Go to the line containing "按天配资平台2025年7月11日河南万邦国际农产品物流股份有限公司价格行情" and retype it and every later line exactly as written, up to the last line of the entries. Keep pictures out.

Stored items from a collection

========================================================================

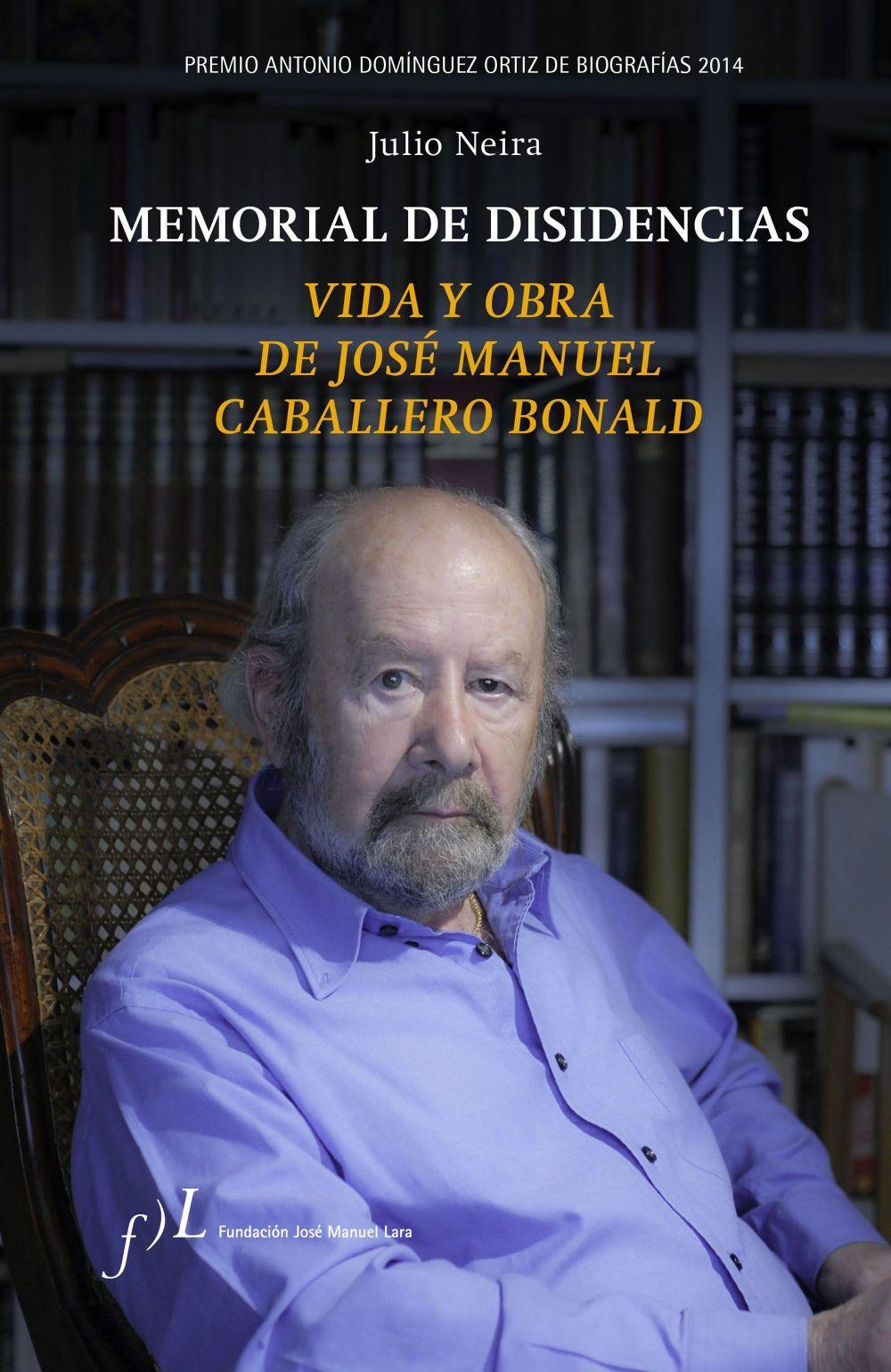 Memorial de disidencias : vida y obra de José Manuel Caballero Bonald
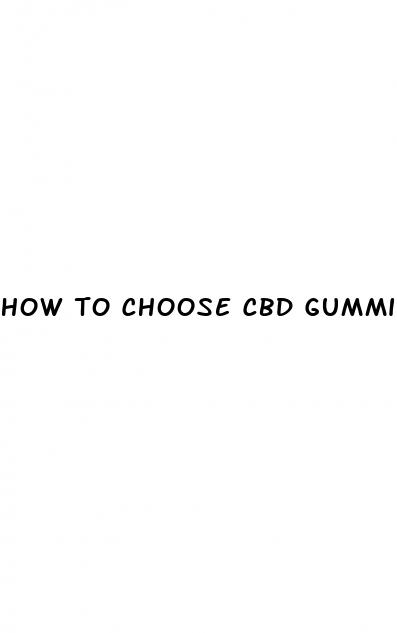 how to choose cbd gummies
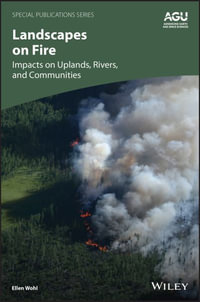 Landscapes on Fire : Impacts on Uplands, Rivers, and Communities - Ellen Wohl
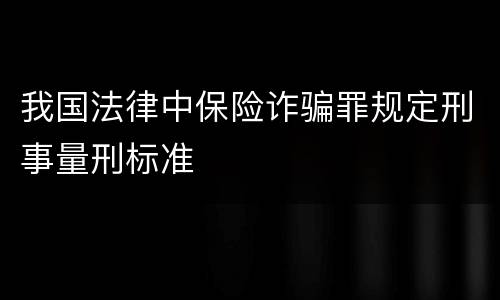 我国法律中保险诈骗罪规定刑事量刑标准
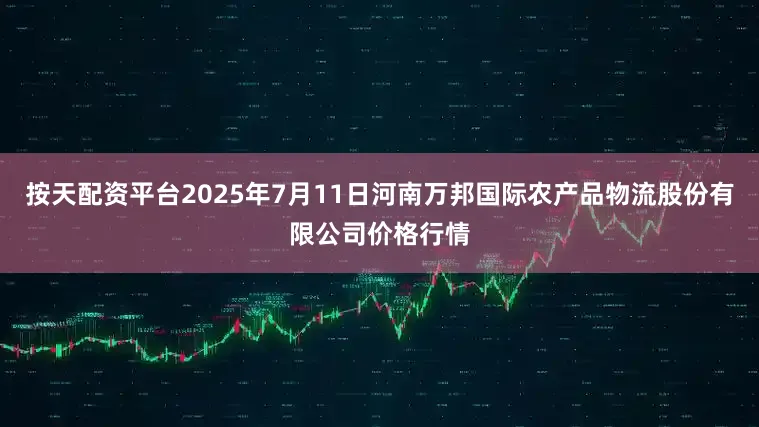 按天配资平台2025年7月11日河南万邦国际农产品物流股份有限公司价格行情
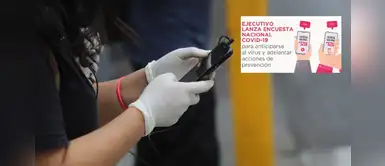 Estas son las preguntas que vienen en la Encuesta Nacional COVID-19 Estas son las preguntas que vienen en la Encuesta Nacional COVID-19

========================================================================

EXERCISE SOLUTION
 按天配资平台2025年7月11日河南万邦国际农产品物流股份有限公司价格行情
 Estas son las preguntas que vienen en la Encuesta Nacional COVID-19 Estas son las preguntas que vienen en la Encuesta Nacional COVID-19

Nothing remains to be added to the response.